SOURCE DATA:
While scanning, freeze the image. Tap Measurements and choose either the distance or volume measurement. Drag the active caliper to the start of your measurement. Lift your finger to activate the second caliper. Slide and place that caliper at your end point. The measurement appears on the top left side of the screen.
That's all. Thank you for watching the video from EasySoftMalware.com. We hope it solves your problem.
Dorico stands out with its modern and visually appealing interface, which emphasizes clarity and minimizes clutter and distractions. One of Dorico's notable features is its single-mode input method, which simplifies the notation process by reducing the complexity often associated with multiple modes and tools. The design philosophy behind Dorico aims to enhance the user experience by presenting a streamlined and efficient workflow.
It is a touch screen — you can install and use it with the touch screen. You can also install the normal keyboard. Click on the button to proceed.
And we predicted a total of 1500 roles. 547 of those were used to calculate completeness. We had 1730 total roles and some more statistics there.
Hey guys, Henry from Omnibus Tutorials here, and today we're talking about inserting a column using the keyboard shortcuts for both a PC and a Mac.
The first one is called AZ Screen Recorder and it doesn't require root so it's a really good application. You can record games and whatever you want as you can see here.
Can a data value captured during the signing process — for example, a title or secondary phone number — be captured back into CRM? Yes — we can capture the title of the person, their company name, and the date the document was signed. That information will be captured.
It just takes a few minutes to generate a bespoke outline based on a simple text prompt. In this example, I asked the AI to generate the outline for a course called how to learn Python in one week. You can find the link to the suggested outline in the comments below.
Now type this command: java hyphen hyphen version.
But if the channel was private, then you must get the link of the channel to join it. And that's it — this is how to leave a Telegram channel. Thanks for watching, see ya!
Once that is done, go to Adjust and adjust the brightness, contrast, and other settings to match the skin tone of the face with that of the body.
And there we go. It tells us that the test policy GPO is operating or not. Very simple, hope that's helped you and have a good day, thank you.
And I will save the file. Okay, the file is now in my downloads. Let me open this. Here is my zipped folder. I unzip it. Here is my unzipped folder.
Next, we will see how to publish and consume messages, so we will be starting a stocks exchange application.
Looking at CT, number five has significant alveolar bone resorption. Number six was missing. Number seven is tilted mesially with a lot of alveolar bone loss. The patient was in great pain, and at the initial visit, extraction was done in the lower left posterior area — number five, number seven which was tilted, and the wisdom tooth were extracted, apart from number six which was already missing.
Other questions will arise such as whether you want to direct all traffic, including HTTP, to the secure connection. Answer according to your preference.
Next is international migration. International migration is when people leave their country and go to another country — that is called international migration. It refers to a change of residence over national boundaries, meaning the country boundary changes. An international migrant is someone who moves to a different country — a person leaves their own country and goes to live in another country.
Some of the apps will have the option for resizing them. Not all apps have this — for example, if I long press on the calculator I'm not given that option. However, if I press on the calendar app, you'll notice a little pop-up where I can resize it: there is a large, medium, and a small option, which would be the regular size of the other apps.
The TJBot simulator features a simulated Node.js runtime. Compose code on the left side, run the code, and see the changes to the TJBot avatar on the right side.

ACTIVITY:
Restate each record above exactly, leaving nothing out.

ANSWER SECTION:
While scanning, freeze the image. Tap Measurements and choose either the distance or volume measurement. Drag the active caliper to the start of your measurement. Lift your finger to activate the second caliper. Slide and place that caliper at your end point. The measurement appears on the top left side of the screen.
That's all. Thank you for watching the video from EasySoftMalware.com. We hope it solves your problem.
Dorico stands out with its modern and visually appealing interface, which emphasizes clarity and minimizes clutter and distractions. One of Dorico's notable features is its single-mode input method, which simplifies the notation process by reducing the complexity often associated with multiple modes and tools. The design philosophy behind Dorico aims to enhance the user experience by presenting a streamlined and efficient workflow.
It is a touch screen — you can install and use it with the touch screen. You can also install the normal keyboard. Click on the button to proceed.
And we predicted a total of 1500 roles. 547 of those were used to calculate completeness. We had 1730 total roles and some more statistics there.
Hey guys, Henry from Omnibus Tutorials here, and today we're talking about inserting a column using the keyboard shortcuts for both a PC and a Mac.
The first one is called AZ Screen Recorder and it doesn't require root so it's a really good application. You can record games and whatever you want as you can see here.
Can a data value captured during the signing process — for example, a title or secondary phone number — be captured back into CRM? Yes — we can capture the title of the person, their company name, and the date the document was signed. That information will be captured.
It just takes a few minutes to generate a bespoke outline based on a simple text prompt. In this example, I asked the AI to generate the outline for a course called how to learn Python in one week. You can find the link to the suggested outline in the comments below.
Now type this command: java hyphen hyphen version.
But if the channel was private, then you must get the link of the channel to join it. And that's it — this is how to leave a Telegram channel. Thanks for watching, see ya!
Once that is done, go to Adjust and adjust the brightness, contrast, and other settings to match the skin tone of the face with that of the body.
And there we go. It tells us that the test policy GPO is operating or not. Very simple, hope that's helped you and have a good day, thank you.
And I will save the file. Okay, the file is now in my downloads. Let me open this. Here is my zipped folder. I unzip it. Here is my unzipped folder.
Next, we will see how to publish and consume messages, so we will be starting a stocks exchange application.
Looking at CT, number five has significant alveolar bone resorption. Number six was missing. Number seven is tilted mesially with a lot of alveolar bone loss. The patient was in great pain, and at the initial visit, extraction was done in the lower left posterior area — number five, number seven which was tilted, and the wisdom tooth were extracted, apart from number six which was already missing.
Other questions will arise such as whether you want to direct all traffic, including HTTP, to the secure connection. Answer according to your preference.
Next is international migration. International migration is when people leave their country and go to another country — that is called international migration. It refers to a change of residence over national boundaries, meaning the country boundary changes. An international migrant is someone who moves to a different country — a person leaves their own country and goes to live in another country.
Some of the apps will have the option for resizing them. Not all apps have this — for example, if I long press on the calculator I'm not given that option. However, if I press on the calendar app, you'll notice a little pop-up where I can resize it: there is a large, medium, and a small option, which would be the regular size of the other apps.
The TJBot simulator features a simulated Node.js runtime. Compose code on the left side, run the code, and see the changes to the TJBot avatar on the right side.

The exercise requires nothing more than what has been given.